Bioinspired Rigid-Soft Hybrid Origami Actuator With Controllable Versatile Motion and Variable Stiffness

Conventional soft pneumatic actuators (SPAs) are made of soft materials that facilitate safe interaction and adaptability. In positioning and loading tasks, however, SPAs demonstrate limited performance. In this article, we extend the current designs of SPAs upon integrating a tendon-driven parallel mechanism into a pneumatic origami chamber, inspired by the performances and structures of vertebrates. The inner rigid/outer soft actuator exploits the advantages of both, parallel mechanisms to achieve precise, versatile motion, and SPAs, to form a compliant, modular structure. With the antagonistic actuation of tendons-pulling and air-pushing, the actuator can exhibit multimode motion, tunable stiffness, and load-carrying maneuvers. Kinematic and quasi-static models are developed to predict the behavior and to control the actuator.

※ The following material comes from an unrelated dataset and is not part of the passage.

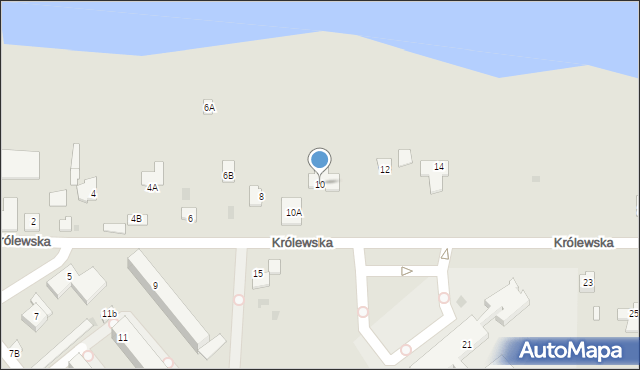 Brześć Kujawski, Królewska, 10, mapa Brześć Kujawski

Using readily accessible materials and fabrication methods, a prototype was built, on which validation experiments were conducted. The results prove the effectiveness of the model, and demonstrate the motion and stiffness characteristics of the actuator. The design strategy and comprehensive guidelines should expand the capabilities of soft robots for wider applications, and facilitate the development of robots with rigid-soft hybrid structures.

Automated summary

In this article, the authors introduce an enhanced design of soft pneumatic actuators through the integration of a tendon-driven parallel mechanism. The actuator demonstrates versatile motion, tunable stiffness, and load-carrying maneuvers. Experimental validation confirms the effectiveness of the model.